A 5-year-old’s birthday party took a grisly turn on Saturday after her family’s dog escaped from the yard and was shot by an armed pedestrian.
Emily Martinez recalls hearing a gunshot after her dog Clifford jumped a fence during her daughter’s party, The Denver Post reported. The family poured into the street and found a stranger, apparently walking his own dog, standing over the family pet, still brandishing a gun.
According to neighbors and guests at the party, the man who shot the dog was shouting that he was within his rights.
“I have a concealed weapon license,” they recall him saying.
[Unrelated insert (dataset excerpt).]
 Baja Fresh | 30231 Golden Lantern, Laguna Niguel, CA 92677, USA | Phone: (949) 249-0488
The animal was shot twice in the neck, and died after the family rushed him to a veterinarian.
Martinez also told the Post that the man pointed the gun at several people as they gathered around the fallen animal. In response, Martinez’s husband ran inside to get his own gun, but by the time he returned to the scene the shooter was gone.
Martinez’s husband said the man had taken walks by their house for several months and had previously complained about the dog’s barking.
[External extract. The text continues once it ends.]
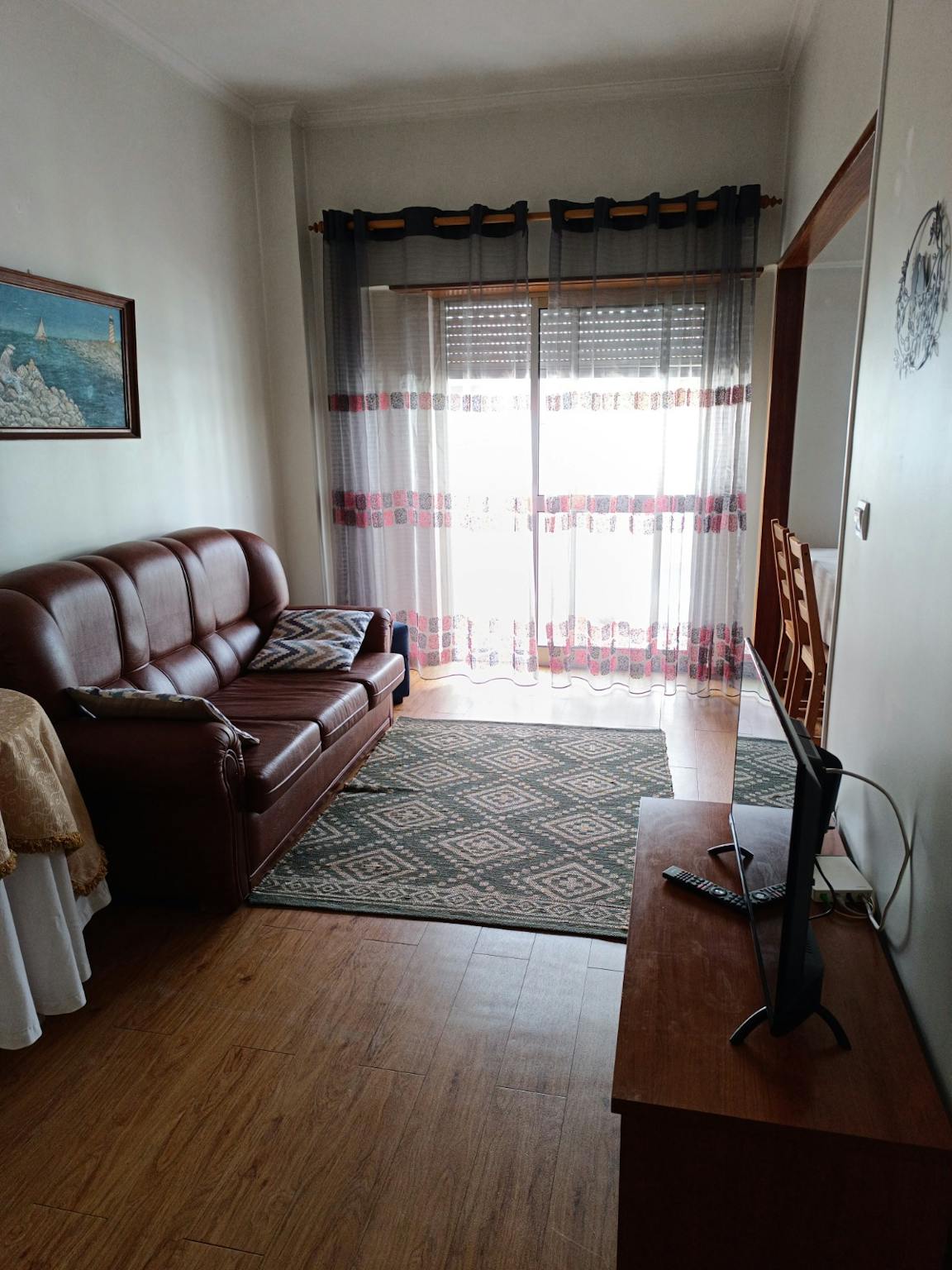 Avenida Doutor Aresta Branco, Costa da Caparica preview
Within his rights it would seem. I’ve had strange dogs attack my dog while walking on public property, and even in my own yard. However this guy was obviously “itching” to prove his manhood. No reason to avoid walking anywhere he wants while packin’
Pepper spray would have been the better deterrent. But obviously the guy has a small penis.
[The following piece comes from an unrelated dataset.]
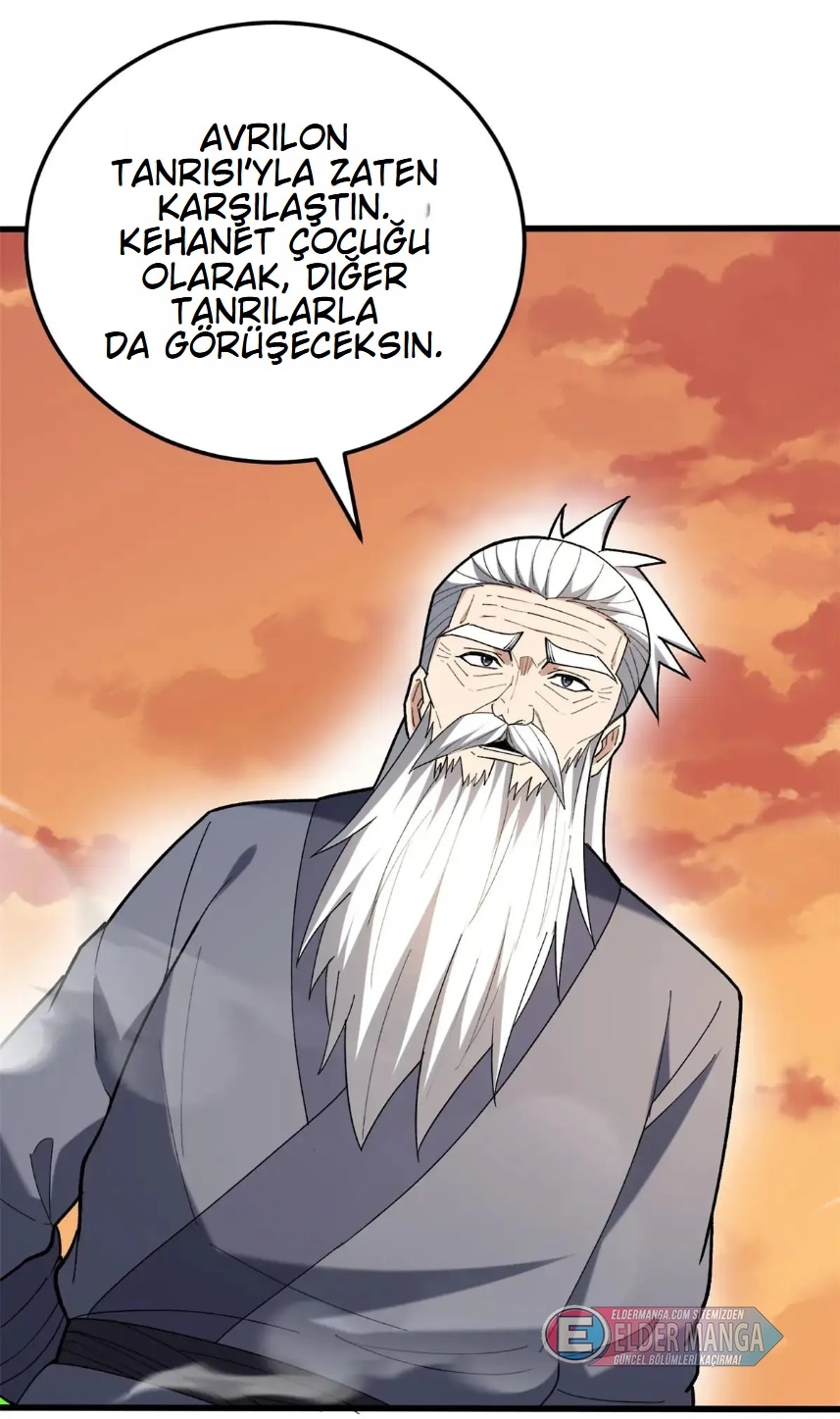 Benim Ejderha Sistemim! Bölüm 119 - Sayfa 73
Where in the article does it say that the man and/or his own dog were being “attacked”? Only cowards and madmen and fools shoot dogs as a first response.
Sit. Lie down. Roll over. Stand your ground.
Good doggy.
People who feel the need to carry a gun are constantly subconsciously looking for situations that will validate their belief that they need to carry a gun and are going to run every slightly out of the ordinary thing that happens to them through that filter.
Necessarily, these are people who conflate the right to own and carry a gun with a right to use it any time they feel the slightest bit threatened or scared or startled. And, of course, the worst of them are going to be the ones who conflate the right to own and carry a gun with the right to use it any time a situation arises where they think they can plausibly contend that they felt threatened, scared or startled when, in fact, what they were really feeling was stoked that they finally got to shoot something.
Because if a sane person in a sane country was concerned about a house with a dog that lost it over the sight of him walking his own dogs, he’d rethink his route. But this is Wayne LaPierre’s America. We’re just allowed to live here. Until someone decides we’re a threat and shoots us, anyway. And in Wayne LaPierre’s America, the whole point of carrying a gun is so you don’t have to do things like change the route you use to walk your dog because you have a by-god right to walk in that place and the penalty for infringing your rights is death.